**About this task:** The lines to reproduce run from the one containing "Ramo de tulipanes" through the final line of the entries; write them out exactly and add nothing.

++++ Data for processing ++++

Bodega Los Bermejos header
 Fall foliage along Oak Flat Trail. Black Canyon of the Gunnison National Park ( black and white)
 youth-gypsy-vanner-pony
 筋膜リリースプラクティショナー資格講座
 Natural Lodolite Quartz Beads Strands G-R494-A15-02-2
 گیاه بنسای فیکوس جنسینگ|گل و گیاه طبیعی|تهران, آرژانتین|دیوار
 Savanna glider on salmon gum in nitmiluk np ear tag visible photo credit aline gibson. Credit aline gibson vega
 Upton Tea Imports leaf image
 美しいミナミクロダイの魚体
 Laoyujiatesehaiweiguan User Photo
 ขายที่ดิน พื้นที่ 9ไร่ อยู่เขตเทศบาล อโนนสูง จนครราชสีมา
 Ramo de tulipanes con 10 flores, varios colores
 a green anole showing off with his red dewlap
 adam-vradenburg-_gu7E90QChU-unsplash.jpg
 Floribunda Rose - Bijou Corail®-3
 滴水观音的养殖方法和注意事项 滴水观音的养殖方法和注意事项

++++

**Result of this task:**
 Ramo de tulipanes con 10 flores, varios colores
 a green anole showing off with his red dewlap
 adam-vradenburg-_gu7E90QChU-unsplash.jpg
 Floribunda Rose - Bijou Corail®-3
 滴水观音的养殖方法和注意事项 滴水观音的养殖方法和注意事项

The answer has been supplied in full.